* Your objective
For each line in the data that includes "Control", make a copy.

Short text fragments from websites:

= = = =

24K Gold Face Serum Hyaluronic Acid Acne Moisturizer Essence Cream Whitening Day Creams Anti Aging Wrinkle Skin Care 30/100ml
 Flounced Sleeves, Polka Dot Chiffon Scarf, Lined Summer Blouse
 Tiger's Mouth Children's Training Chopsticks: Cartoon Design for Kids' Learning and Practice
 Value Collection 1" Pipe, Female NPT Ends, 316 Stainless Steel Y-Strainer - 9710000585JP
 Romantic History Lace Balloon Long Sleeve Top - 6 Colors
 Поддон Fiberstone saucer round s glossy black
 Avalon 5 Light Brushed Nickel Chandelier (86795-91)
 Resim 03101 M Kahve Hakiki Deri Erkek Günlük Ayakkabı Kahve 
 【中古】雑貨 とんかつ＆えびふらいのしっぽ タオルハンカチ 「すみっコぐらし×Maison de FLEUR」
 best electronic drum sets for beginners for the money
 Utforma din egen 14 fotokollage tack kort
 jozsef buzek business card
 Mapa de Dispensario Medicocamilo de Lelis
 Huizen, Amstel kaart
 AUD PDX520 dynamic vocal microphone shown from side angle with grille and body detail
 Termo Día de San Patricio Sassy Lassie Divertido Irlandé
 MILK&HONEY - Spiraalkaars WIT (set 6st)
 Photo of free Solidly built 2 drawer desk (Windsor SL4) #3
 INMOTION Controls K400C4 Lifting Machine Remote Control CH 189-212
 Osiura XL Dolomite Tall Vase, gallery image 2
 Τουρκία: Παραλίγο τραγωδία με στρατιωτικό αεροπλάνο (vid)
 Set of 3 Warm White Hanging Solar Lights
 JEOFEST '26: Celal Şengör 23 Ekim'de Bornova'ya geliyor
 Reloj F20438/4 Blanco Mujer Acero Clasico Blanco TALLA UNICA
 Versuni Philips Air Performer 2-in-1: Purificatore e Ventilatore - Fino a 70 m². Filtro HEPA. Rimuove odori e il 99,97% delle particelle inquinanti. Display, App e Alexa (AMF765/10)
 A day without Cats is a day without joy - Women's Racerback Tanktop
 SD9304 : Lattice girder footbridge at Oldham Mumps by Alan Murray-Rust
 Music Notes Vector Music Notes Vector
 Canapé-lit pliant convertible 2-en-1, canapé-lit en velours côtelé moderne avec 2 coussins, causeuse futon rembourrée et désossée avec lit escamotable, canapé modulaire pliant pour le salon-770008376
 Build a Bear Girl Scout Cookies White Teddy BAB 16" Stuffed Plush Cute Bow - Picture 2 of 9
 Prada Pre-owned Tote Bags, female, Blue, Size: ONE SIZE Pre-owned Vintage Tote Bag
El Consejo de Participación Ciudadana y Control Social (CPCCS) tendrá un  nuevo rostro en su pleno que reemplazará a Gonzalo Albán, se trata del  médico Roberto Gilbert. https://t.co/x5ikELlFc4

= = = =

* Written solution
 INMOTION Controls K400C4 Lifting Machine Remote Control CH 189-212
El Consejo de Participación Ciudadana y Control Social (CPCCS) tendrá un  nuevo rostro en su pleno que reemplazará a Gonzalo Albán, se trata del  médico Roberto Gilbert. https://t.co/x5ikELlFc4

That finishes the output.